The city has no policy for removing the homeless from the streets, said Rae Par-Moore, spokeswoman for the D.C. Department of Human Services.

"We provide services to homeless people to get them into shelter . . . . We have no authority to force people to leave the street," Par-Moore said. "People are rational adults and can make decisions . . . . After all, this is a democracy. It is not a communist country where people don't have rights."

Dr. Robert Keisling, director of the city's Emergency Psychiatric Response Division, said that when homeless people appear to be dangerous to themselves or others, they can be taken off the street for evaluation and involuntarily committed for care if found to be mentally ill. However, he said, fewer than one-third of the homeless in D.C. are severely mentally ill.

Street doesn't appear to be dangerous to others, people who work in the area say. However, passersby question the rationality or her sitting on a street corner naked but for a blanket.

"Somebody asked me why {I} don't take money. Because of getting robbed," said Street, who said she sleeps at 15th and K with her back to the street to avoid those who plague homeless people at night, kicking at her bags to see what she carries. "I say, 'Don't you bring me a whole bunch of brand new things. What am I going to do with all these clothes?' "

On Friday, June 6, a day after Snyder was found dead, Dowling, who works in the building Street lives next to, slipped through Street's refusals of help and persuaded Street to go to the House of Ruth. "I told Mary I would drive her to the House of Ruth, and if she didn't like it, I would bring her back," said Dowling, a field director for the National Committee for Human Life Amendment.

Street decided to stay. Dowling took some of Street's clothing to wash. The next day she brought Street shoes, a blue scarf, a skirt and a jacket. "She looked at me and said, 'Maureen,' something to the effect of 'you stop worrying, okay?' I told her I would stop worrying eventually." During the week Street stayed at the House of Ruth, Dowling took her to dinner about three times.

Last Wednesday, at the House of Ruth, Street sat very small on a stool in a room painted pink. The soiled silk scarf had been washed, and orange and green flowers appeared. She wore a brown-and-white striped robe, and she had scrubbed her skin so much that it was peeling. The blanket, she said, she still had. "{Maureen} said because it was dirty, I should put it in the trash. I told her I would wash that." At the shelter, she had been under the care of a psychiatrist.

Saturday evening, Street went for a walk in the rain and returned to her corner. She rambled on about how there was too much to eat at the House of Ruth. There was pride in her voice as she told how she found her way back.

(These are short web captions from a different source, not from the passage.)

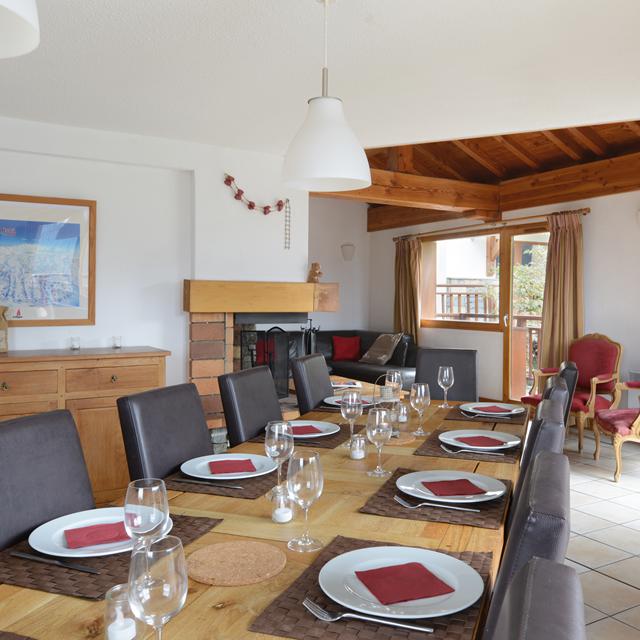 Les Chalets des Deux Domaines in Vallandry - foto 7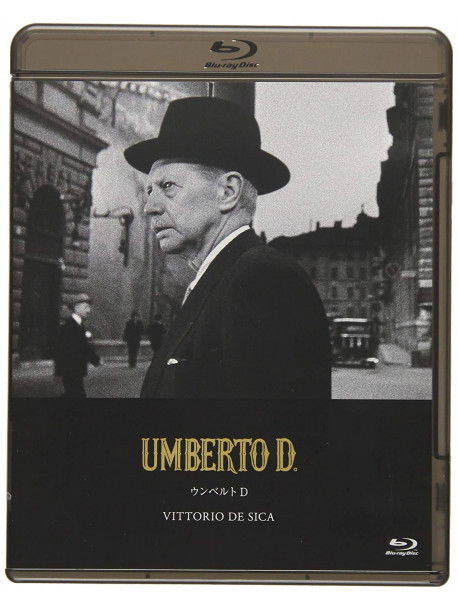 Umberto D [Edizione: Giappone] [ITA]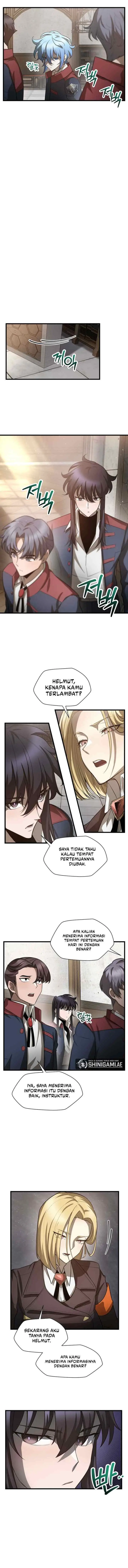 Helmut: The Forsaken Child chapter 44 halaman 9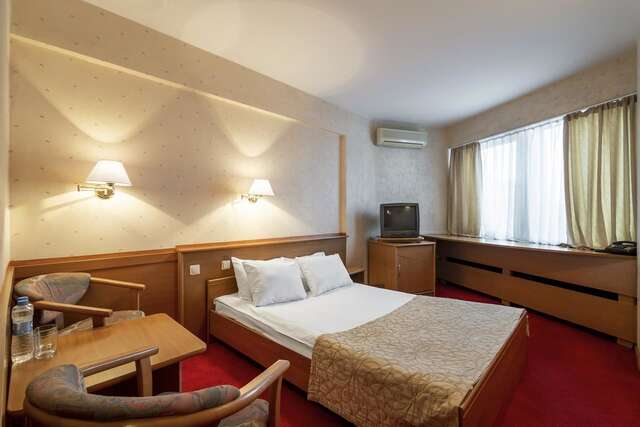 Отель Отель Адрия Киев-46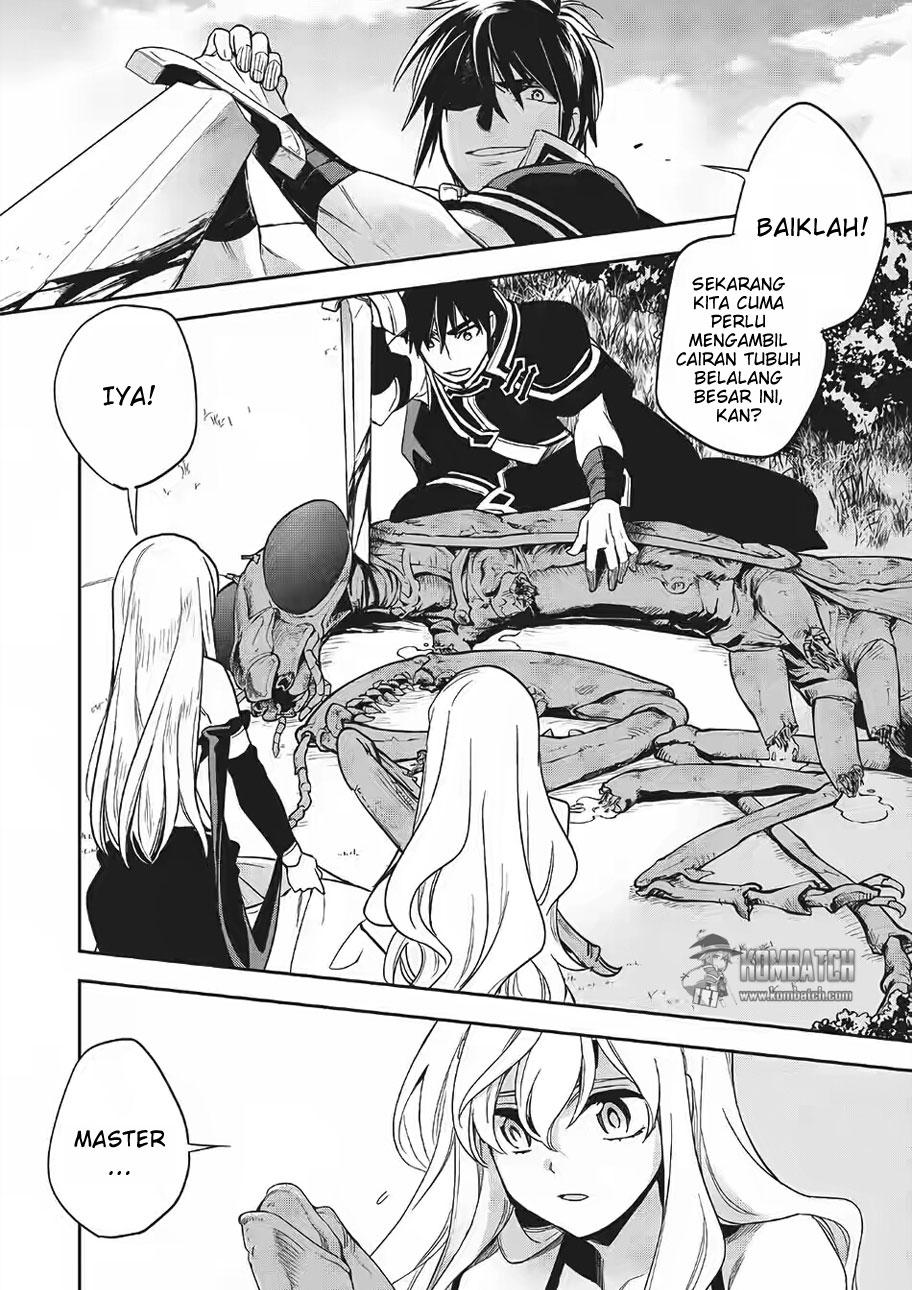 Wortenia Senki Chapter 10 Gambar 1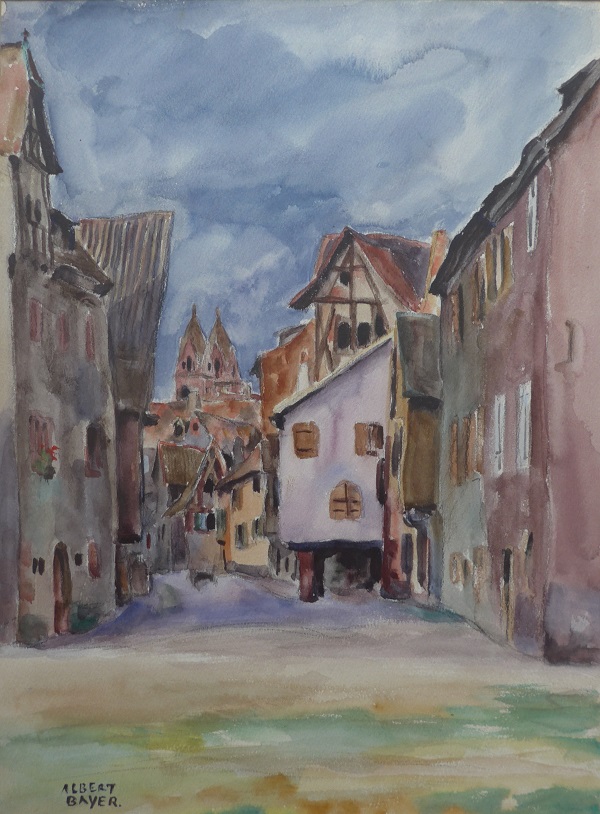 Albert Bayer 101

Dowling said she was disappointed that Street had returned to the corner, but that she was not surprised that Street had resumed wearing her blanket. "She held on to that blanket when we brought her to the House of Ruth. She wasn't willing to get rid of it."

In a last attempt to help Street, Dowling visited her Monday at 15th and K.

"I was there talking with her, trying to persuade her to go back. When it came down to it, she said, 'No, I don't won't get in your car,' " said Dowling, who said she realized then that Street's wishes should be honored. They held hands and said the Lord's Prayer. Dowling returned to her apartment in McLean. And Street sat there, waiting.